By the time I read the “keep calm and carry on” post, I had already moved my bookmarks to a couple of other sites. More importantly, I saved my exported file locally, and am working on my own application to solve the problem of a universally available bookmarking tool. I made a local copy of my photostream from Flickr as well, since Flickr is another Yahoo service. I felt like a panicky account holder taking his money out of the bank. Why all the fuss? One word sums up what I am after: autonomy.
The Gawker and SilverPop hacking stories helped increase my sensitivity to the idea that each of us needs to be more concerned about maintaining our own well-being on the internet.

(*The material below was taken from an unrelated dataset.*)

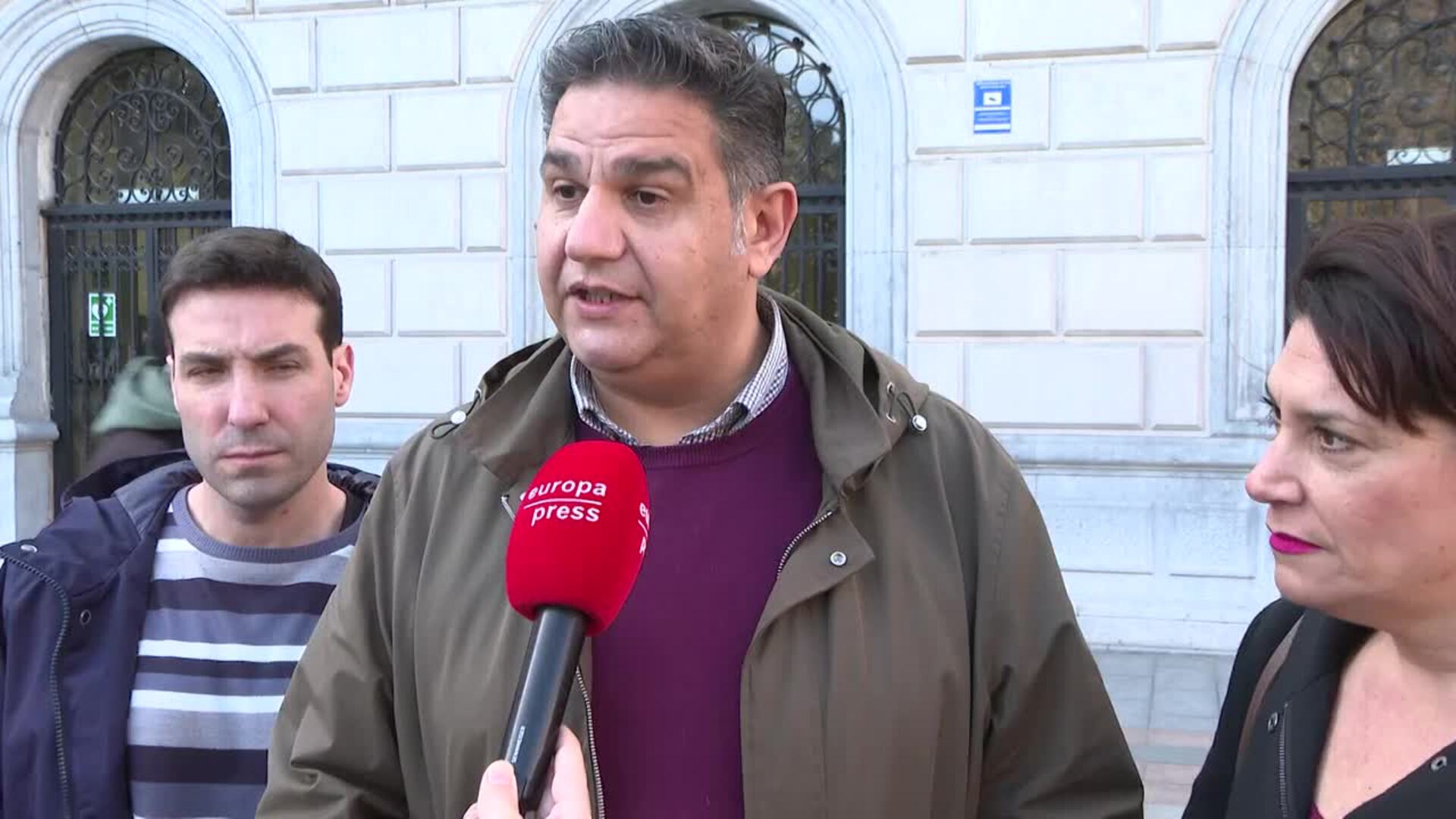 PSE afirma que "toca intentar acuerdos entre diferentes" en Santurtzi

We don’t want to lose valuable assets like years of links, in the case of Delicious, or to have our online identities usurped, in the case of the Gawker security failure. Of course it makes sense to take steps to avoid running into these problems, but like a run on the bank, the risk is a kind of stagnation.
If I never got in the habit of using Delicious, I know I would have saved fewer bookmarks. The personal artifacts of my links and tags would not exist, because I would have never bothered to preserve them. I never would have found the other users of Delicious whose areas of interest intersect mine, because a file of URLs on my desktop can’t take part in the “chance encounters” with other links that an online service like Delicious hosts. The loose interaction on sites like Flickr or Delicious lead to interesting associations. I don’t want to move all these nice things into a walled city like Facebook.
Dan Gillmor suggests we maintain our own outpost on the web. Your email is your email, when you pay for hosting at a company that respects your privacy, or host it at your own server under your desk.